As for neonatal monitoring, the values of cerebral $\mathrm{St}{\mathrm{O}}_2$ for a child and a neonate have been reported to range from 65% to 85%¹⁵ and from 67% to 80%,^16,17 respectively. The oxygen saturation values in this study (75%–78%) were similar to that reported in the literature.

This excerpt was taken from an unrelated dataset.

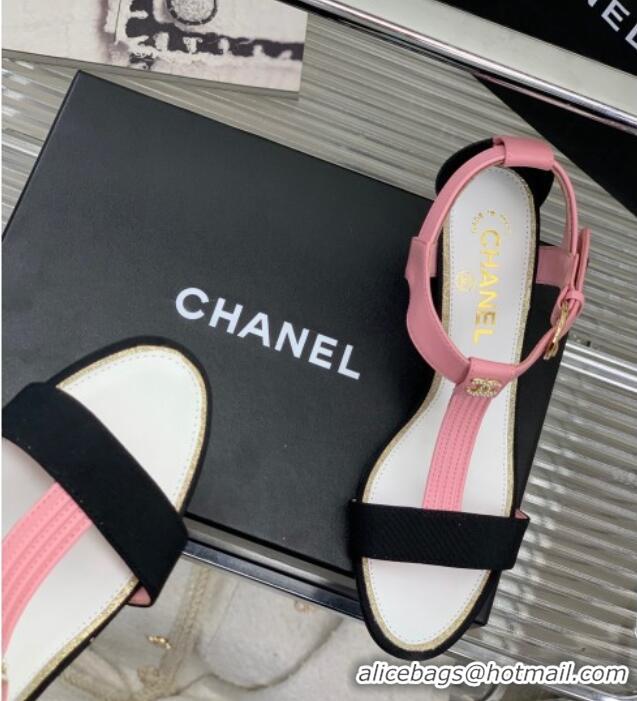 Best Product Chanel Lambskin & Grosgrain Heel Sandals G39022 4.5cm Pink/Black 0328001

Fouzas et al. described that $\mathrm{Sp}{\mathrm{O}}_2$ with a pulse oximeter might not be measured or might be inaccurate in low-perfusion states, such as low cardiac output, shock, hypothermia, vasoconstriction, and arterial occlusion.¹⁸ They also stated that a continuous oxygen saturation monitoring is essentially needed for the safety of the newborn. Rapid measurements of several sites of $\mathrm{St}{\mathrm{O}}_2$ are needed in the case of neonatal asphyxia. But the commercially available sensor is set on one site of the skin of the neonate. Our sensor can be set on any site of the newborn where doctors want to measure. In addition, the spatially resolved NIRS system can detect the tissue oxygenation in a low-perfusion condition, because the $\mathrm{St}{\mathrm{O}}_2$ measurements require only the spatial intensity slope and do not require the weak pulsation signals on a pulse oximetry. Our system could be useful in practice for such cases. To assure the usefulness of this oximetry, we must accumulate more data. At the moment, we are planning a multicenter study to confirm the usefulness of our system.

In conclusion, we developed an oximeter with the sensors attached to the fingers of an obstetrician or a midwife, in contrast to conventional oximeters whose sensors were attached to the fetus. We successfully detected the fetal oxygenation smoothly and certainly. We are sure that our system could become a new fetal monitoring approach.